Hulton Archive/Getty Images
ABBA, seen here in 1979, clearly belongs in the Rock And Roll Hall Of Fame.
Hulton Archive/Getty Images
The most interesting thing about the minor dust-up over ABBA's induction into the Rock And Roll Hall Of Fame is that I had no idea anyone still cared about who was inducted into the Rock And Roll Hall Of Fame. But people really do! Which is great.
But let's get serious: Of course they belong.
Let's fight about ABBA! After the jump.
Here's the thing: Of course ABBA isn't rock and roll. What does "rock and roll" really mean? Is that a term that's been used unironically outside of a town council meeting in Footloose in the last 50 years? Do people still play "rock and roll," with the exception of ... I don't know, Brian Setzer?

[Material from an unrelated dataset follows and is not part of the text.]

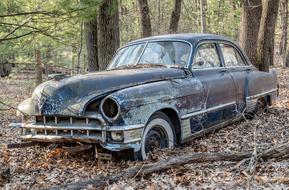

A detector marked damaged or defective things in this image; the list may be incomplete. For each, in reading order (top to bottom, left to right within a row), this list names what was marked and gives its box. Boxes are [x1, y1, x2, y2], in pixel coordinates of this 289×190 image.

rusty car body [12, 33, 276, 160]
abandoned car [13, 33, 276, 160]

ABBA has sold hundreds of millions of pop records. And The Rock And Roll Hall Of Fame is not a rock hall, already. It is a pop hall, in the sense that most kinds of music that have been popular within the last 50 or 60 years are represented, even if they have nothing to do with rock and roll.
Other people who did not, strictly speaking, play rock and roll, but who are in the hall anyway: Johnny Cash. Nat "King" Cole. Pete Seeger. (PETE SEEGER, people. Are we talking about the rock and roll classic "Where Have All The Flowers Gone?") James Taylor. Lead Belly. Mahalia Jackson. Billie Holiday.
And -- hello! -- The Bee Gees. If you can put The Bee Gees into the Rock And Roll Hall Of Fame, which is basically like putting Grandpa Hatfield in the McCoy Hall Of Fame, then there is plenty of room for ABBA.
It seems to me that the anti-ABBA argument, deep in its heart, goes like this: They're dweebs, and rock and roll isn't for dweebs. The outfits, the orchestration ... it's just so uncool, and anything labeled "Rock And Roll" is supposed to be cool.
But again, we've popped this bubble long ago. Elton John is in the Hall, and he wore shoes much sillier than anything they wore in ABBA. Billy Joel is in the Hall, and if you ever want to be mocked so hard you feel your teeth rattle, say something nice about Billy Joel in front of people to whom coolness is important.
I also feel obligated to point out that at the same time ABBA gets in, Genesis is getting in. And it's not like they're going to limit it to Old Time Genesis, like The Lamb Lies Down On Broadway Genesis. This is going to go right up to Invisible Touch Genesis. Cooler than ABBA? I think not.
If writing "Dancing Queen" were easy, more people would do it. Here's my challenge: You go off and write something as catchy as "Take A Chance On Me," and come back when you're done. It's harder than it looks, and an institution that has already thrown open its doors to Ricky Nelson has nothing to fear from ABBA.